Other-ai
Anthropic Releases Claude Opus 4.8, Tops GPT-5.5 in Most Benchmarks
Anthropic's Claude Opus 4.8 outperforms OpenAI's GPT-5.5 in most benchmarks, scoring 69.2% on agentic coding tests, according to the company.
"Tokenizing Nature: the Internet of Forests" by ₡ґǘșϯγ Ɗᶏ Ⱪᶅṏⱳդ is marked with CC0 1.0. To view the terms, visit https://creativecommons.org/publicdomain/zero/1.0/.
Anthropic has released Claude Opus 4.8, a new AI language model that the company claims outperforms competitors like OpenAI's GPT-5.5 across most benchmarks, while also communicating its own uncertainties better. The model scores 69.2% on agentic coding (SWE-Bench Pro), up from 64.3% for Opus 4.7 and 58.6% for GPT-5.5. For multidisciplinary reasoning (Humanity's Last Exam), Opus 4.8 scores 49.8% without tools and 57.9% with tools, the highest marks in the field. Anthropic also introduced dynamic workflows that allow the model to schedule tasks and launch hundreds of parallel subagents, along with a new control that lets users determine how much effort the AI should put into generating a response. API pricing remains unchanged from its predecessor, Opus 4.7, at $5 per million input tokens and $25 per million output tokens. Fast Mode, which runs Opus 4.8 at 2.5x speed, now costs $10 per million input tokens and $50 per million output tokens. Anthropic says the model's improved honesty is one of its most noticeable upgrades, with early testers reporting it is more likely to flag uncertainties about its work and less likely to make unsupported claims. The company also noted that the model sets new highs on prosocial traits like supporting user autonomy, with deception attempts and other unaligned behavior at Claude Mythos levels. *Source: [thedecoder](https://the-decoder.com/anthropic-ships-claude-opus-4-8-as-a-modest-but-tangible-improvement-that-tops-gpt-5-5-in-most-benchmarks/)*
Key points
- Anthropic has released Claude Opus 4.8, a new AI language model that the company claims outperforms competitors like OpenAI's GPT-5.5 across most benchmarks, while also communicating its own uncertainties better.

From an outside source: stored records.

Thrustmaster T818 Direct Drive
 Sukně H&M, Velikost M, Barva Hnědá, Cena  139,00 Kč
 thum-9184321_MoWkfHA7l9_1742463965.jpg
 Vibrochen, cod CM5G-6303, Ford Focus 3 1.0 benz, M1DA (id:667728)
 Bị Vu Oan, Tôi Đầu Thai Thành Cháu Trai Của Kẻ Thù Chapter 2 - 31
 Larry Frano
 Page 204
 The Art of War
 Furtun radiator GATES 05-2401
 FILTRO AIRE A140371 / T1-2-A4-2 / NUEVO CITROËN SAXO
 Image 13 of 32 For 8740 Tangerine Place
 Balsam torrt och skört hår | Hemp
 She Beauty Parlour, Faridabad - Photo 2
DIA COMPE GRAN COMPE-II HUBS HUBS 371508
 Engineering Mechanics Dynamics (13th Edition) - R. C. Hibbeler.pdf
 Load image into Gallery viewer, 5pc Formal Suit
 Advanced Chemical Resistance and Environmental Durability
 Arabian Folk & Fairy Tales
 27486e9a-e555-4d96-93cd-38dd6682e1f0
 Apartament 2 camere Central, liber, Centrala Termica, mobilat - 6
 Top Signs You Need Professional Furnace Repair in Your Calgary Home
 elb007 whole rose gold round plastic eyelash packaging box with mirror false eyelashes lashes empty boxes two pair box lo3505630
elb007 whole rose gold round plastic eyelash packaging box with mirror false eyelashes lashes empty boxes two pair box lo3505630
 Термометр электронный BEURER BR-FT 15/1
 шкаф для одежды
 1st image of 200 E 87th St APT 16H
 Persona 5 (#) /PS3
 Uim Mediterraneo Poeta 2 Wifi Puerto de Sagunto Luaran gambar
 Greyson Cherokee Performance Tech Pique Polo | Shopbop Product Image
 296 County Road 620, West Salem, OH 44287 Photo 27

- Anthropic's latest flagship model, Claude Opus 4.8, leads most benchmarks and is designed to be more upfront about its own mistakes.
- Anthropic says Opus 4.8 beats both its predecessor and OpenAI's GPT-5.5 and Google's Gemini 3.1 Pro across most tested categories.
- On agentic coding (SWE-Bench Pro), the model hits 69.2 percent, up from 64.3 percent for Opus 4.7 and 58.6 percent for GPT-5.5.
- For multidisciplinary reasoning (Humanity's Last Exam), Opus 4.8 scores 49.8 percent without tools and 57.9 percent with tools, the highest marks in the field.
- Anthropic also introduced dynamic workflows that allow the model to schedule tasks and launch hundreds of parallel subagents.
- API pricing remains unchanged from its predecessor, Opus 4.7, at $5 per million input tokens and $25 per million output tokens.